--- Data extract Enclosed Below ---

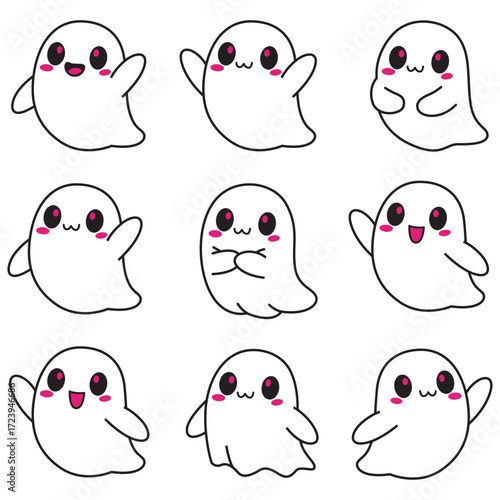 A cute cartoonish Halloween icons collection featuring smiling pumpkins with funny expressions, adorable rounded ghosts, playful black cats, tiny-winged bats, candy buckets filled with sweets, 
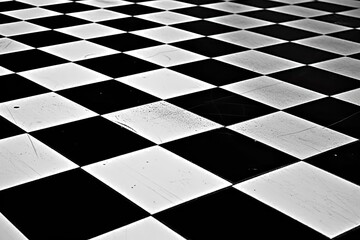 Canvas Print - classic black and white checkerboard flooring pattern. Generative AI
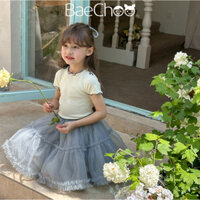 Áo thun bo viền sóng Baechoo cực xinh, mềm mịn, co giãn thoải mái, bé gái 1-6 tuổi diện xuân hè đi chơi, đi học cực yêu.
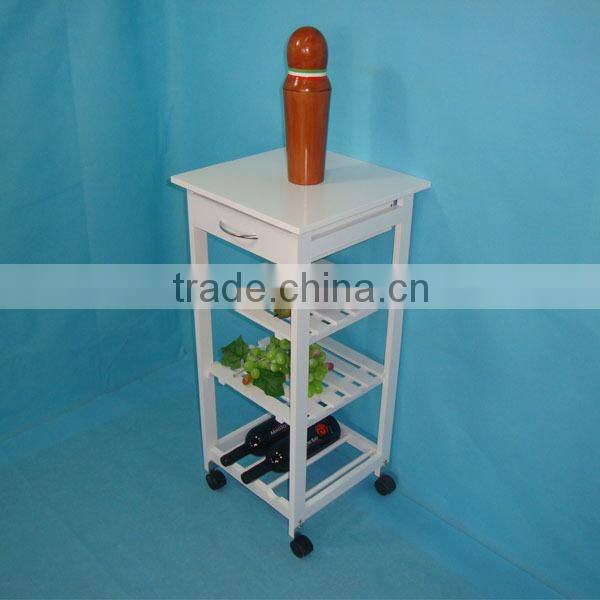 MDF Kitchen Cart with Drawer and Wheels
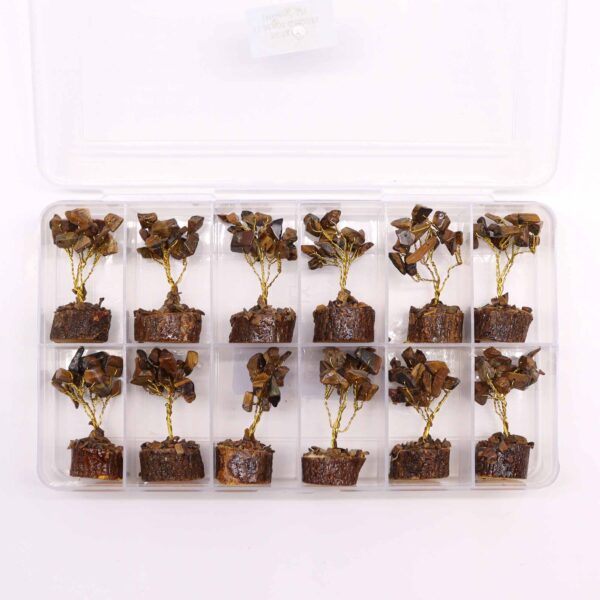 Mini arbres de pierres précieuses sur socle en bois - Oeil de tigre (15 pierres)- Vendu par 1 – Image 3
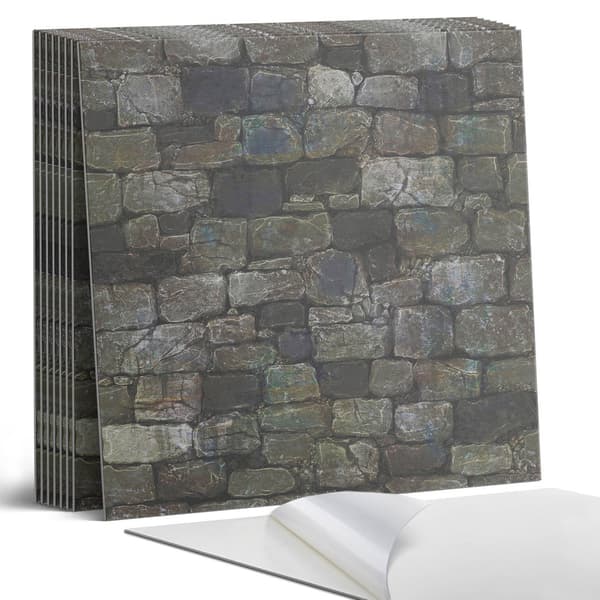 Selvklæbende vinyltrykte fliser stenvæg tekstur 9x30x30 cm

--- End of Enclosed Data extract ---

#### Assignment
Leave out the pictures and repeat the remaining data exactly.

#### Task output
 A cute cartoonish Halloween icons collection featuring smiling pumpkins with funny expressions, adorable rounded ghosts, playful black cats, tiny-winged bats, candy buckets filled with sweets, 
 Canvas Print - classic black and white checkerboard flooring pattern. Generative AI
 Áo thun bo viền sóng Baechoo cực xinh, mềm mịn, co giãn thoải mái, bé gái 1-6 tuổi diện xuân hè đi chơi, đi học cực yêu.
 MDF Kitchen Cart with Drawer and Wheels
 Mini arbres de pierres précieuses sur socle en bois - Oeil de tigre (15 pierres)- Vendu par 1 – Image 3
 Selvklæbende vinyltrykte fliser stenvæg tekstur 9x30x30 cm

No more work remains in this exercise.